Die Regel nutzen: Menstruationsblut zum Test auf Gebärmutterhalskrebs
Gebärmutterhalskrebs gehört weltweit zu den häufigsten Krebserkrankungen bei Frauen. Um die Heilungschancen zu erhöhen, ist eine frühzeitige Behandlung entscheidend. Und dafür muss der Krebs so schnell wie möglich erkannt werden. Forschende bringen nun einen möglichen Selbsttest auf Gebärmutterhalskrebs ins Spiel, und zwar mithilfe von Menstruationsblut.
Die Diagnose Zervixkarzinom erfolgt meist im Alter zwischen 35 und 44 Jahren. Auslöser ist in der Regel eine Infektion mit Humanen Papillomviren (HPV). Da die Erkrankung in frühen Stadien mitunter symptomlos verläuft, ist regelmäßige Vorsorge entscheidend. Bisher gilt: Einmal pro Jahr sollte ein Termin zur Krebsvorsorge bei dem/der Frauenärzt:in wahrgenommen werden, bei dem unter anderem auf Gebärmutterhalskrebs untersucht wird. Dies erfolgt mittels Pap-Test. Ab 35 Jahren wird alle drei Jahre zusätzlich ein HPV-Test durchgeführt, bei dem der Pap-Abstrich gleichzeitig auf HPV untersucht wird.
Künftig sollen sich Patientinnen auch selbst zu Hause auf Gebärmutterhalskrebs testen können, und zwar über ihr Menstruationsblut.

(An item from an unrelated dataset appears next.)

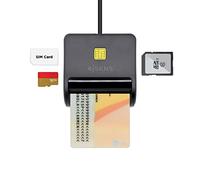 AISENS Lector de Tarjeta Inteligente DNI con Lector de Tarjetas SIM. SD. Micro SD. MMC. RS-MMC. MMC Micro. Negro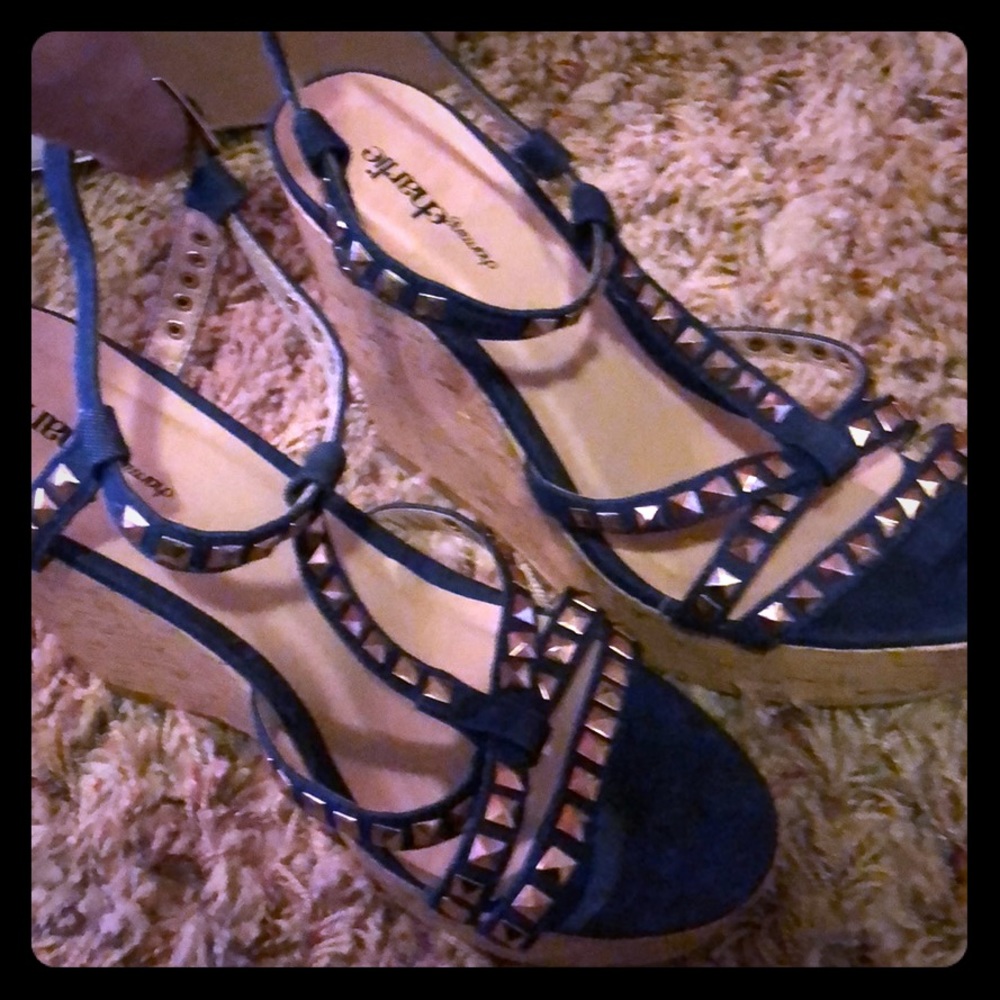 Charming Charlie Denim and Gold stud wedge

Forschende haben einen entsprechenden Test entwickelt.
Test auf Gebärmutterhalskrebs: Menstruationsblut so zuverlässig wie Abstrich
Das Prinzip fußt darauf, dass sich HP-Viren, die als häufigster Auslöser für Gebärmutterhalskrebs gelten, weil sie am Gebärmutterhals Zellveränderungen verursachen, im Menstruationsblut nachweisen lassen. Dies wurde in einer Untersuchung in China mit mehr als 3.000 Frauen im Alter zwischen 20 und 54 Jahren bestätigt. Bei ihnen wurde das Menstruationsblut mit einem Minipad aus vorsterilisierter Baumwolle, das für die DNA-Erhaltung und -Gewinnung optimiert wurde, auf einer Binde aufgefangen und im Anschluss auf das Vorliegen von HPV überprüft. Zum Vergleich wurden außerdem Abstriche vom Gebärmutterhals entnommen und ebenfalls entsprechend untersucht.
Dabei wurde deutlich: Die Analyse des Menstruationsblutes konnte HPV mit einer Genauigkeit von fast 95 Prozent nachweisen und war damit sogar zuverlässiger als der Pap-Abstrich (92 Prozent). Frauen ohne Erkrankung wurden über beide Methoden ähnlich zuverlässig erkannt (89 vs. 90 Prozent).
Probennahme zu Hause
Der Vorteil bei der Nutzung von Menstruationsblut zum Test auf Gebärmutterhalskrebs: Die Probennahme konnte zu Hause erfolgen und die Testergebnisse anschließend über eine spezielle App „Early Test“ abgerufen werden. Bei Bedarf soll darüber auch eine Beratung durch medizinisches Fachpersonal ermöglicht werden. Die einfache Testmethode könnte die praktische Anwendbarkeit der Gebärmutterhalskrebsvorsorge verbessern und „einen praktikablen Weg zur Ausweitung des Zugangs zur Früherkennung bieten“, heißt es von den Forschenden. „Diese Ergebnisse sprechen für die Aufnahme von HPV-Tests im Menstruationsblut in die nationalen Leitlinien zum Zervixkarzinom-Screening.“ Nun sollen weitere Studien folgen, bevor ein entsprechender Test auf den Markt kommen könnte.
Übrigens: Bereits vor einigen Monaten berichteten Forschende über den Einsatz von Tampons als mögliche Testmethode auf Gebärmutterkörperkrebs (Endometriumkarzinom).